Even Mumbai’s historic transport infrastructure reflects women’s contributions. One of the city’s busiest arterial roads commemorates a philanthropist whose financial support helped build a causeway linking two coastal neighbourhoods in the mid-1800s. The project dramatically improved mobility and safety for travellers crossing the marshy stretch during monsoon seasons, illustrating how private philanthropy once played a decisive role in urban infrastructure development. In suburban Mulund, a smaller road named in recent years recognises a local community figure remembered for encouraging girls’ education and supporting neighbourhood welfare initiatives.

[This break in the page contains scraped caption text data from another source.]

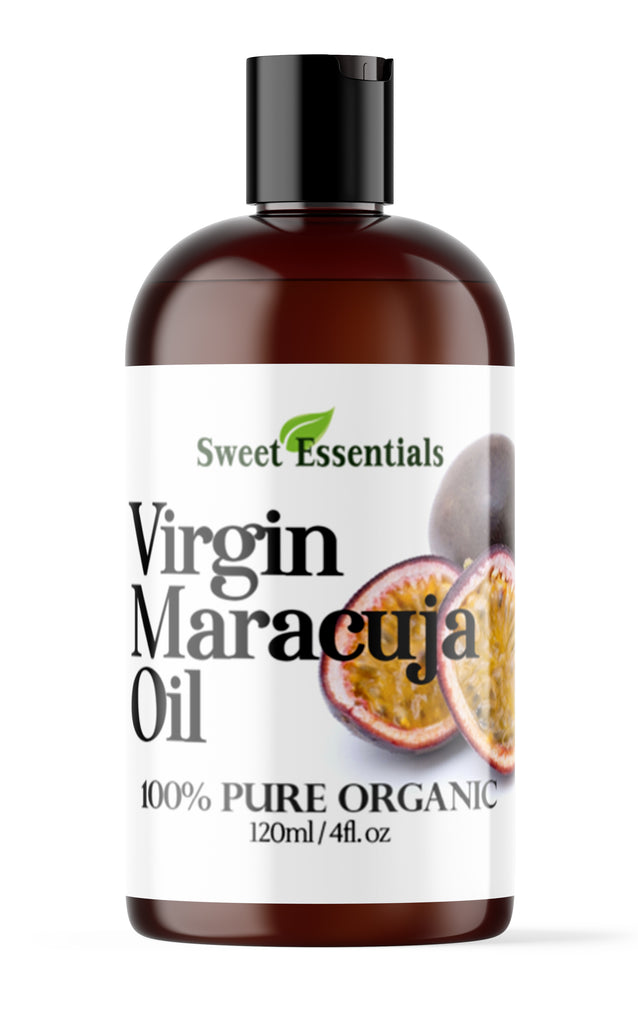 100% Pure Organic Unrefined Maracuja Oil | Imported From Brazil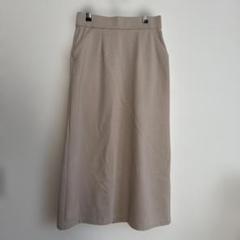 美品☆神戸レタス　ジャージーナロースカート PMサイズ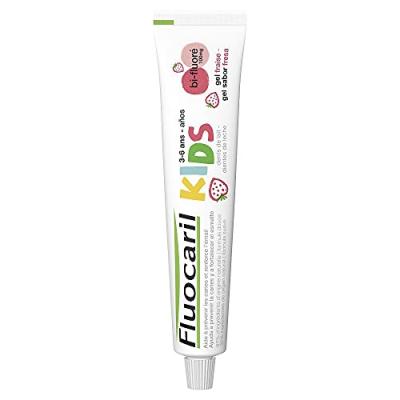 FLUOCARIL  Kids 3-6 ans Dentifrice Gel Fraise 50ml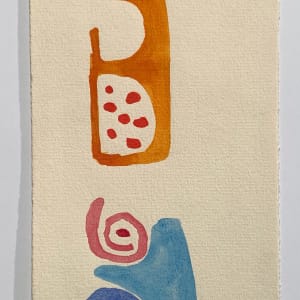 "Abstract Shapes" by Edith  Isaac-Rose 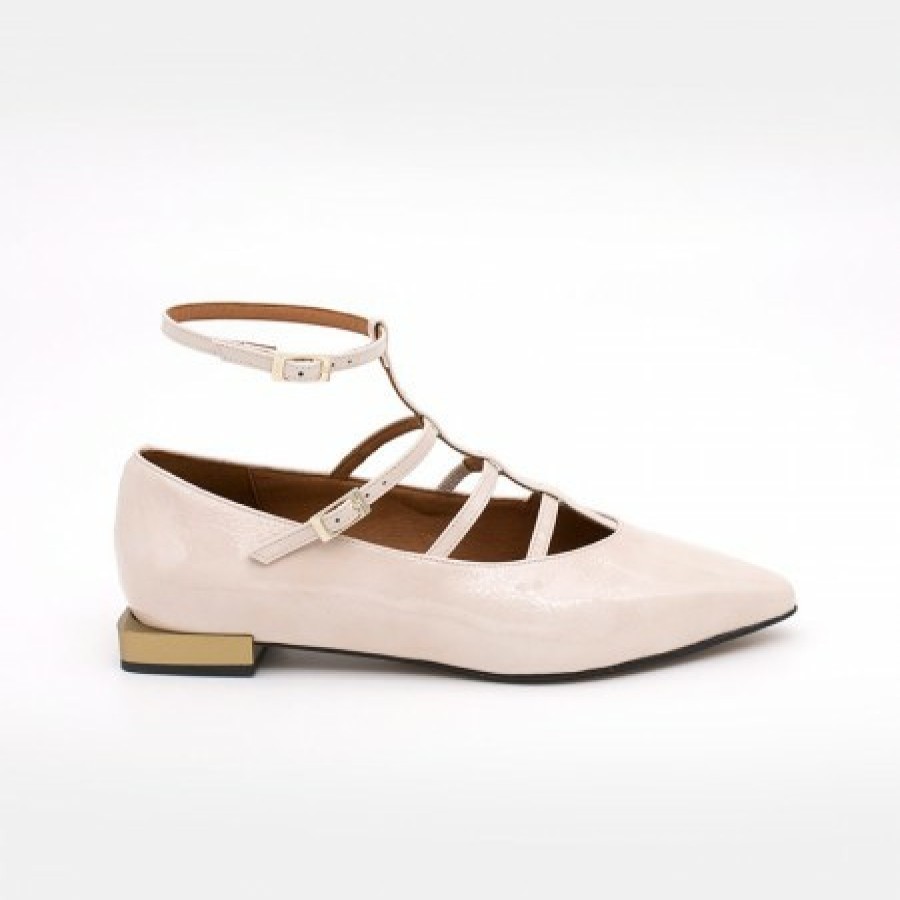 ANGEL ALARCON Moyet - Different & Modern Patent Leather Flat | Autumn - Winter - Aw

Urban planners say recognising women through streets named after women does more than honour individuals. It influences how cities frame public memory and civic identity. Naming streets, parks and transit stations after diverse contributors can make urban landscapes more representative of the communities that shaped them. Experts argue that as cities redesign neighbourhoods for sustainability, accessibility and inclusive public spaces, naming policies could also evolve to reflect broader social histories. For rapidly expanding metropolitan regions like Mumbai, where infrastructure, housing and mobility networks continue to grow, such decisions shape how future generations understand the city’s past. Municipal officials indicate that street renaming and naming proposals continue to be reviewed periodically. For urban historians and planners alike, expanding the presence of streets named after women could become one small but meaningful step toward a more inclusive civic narrative.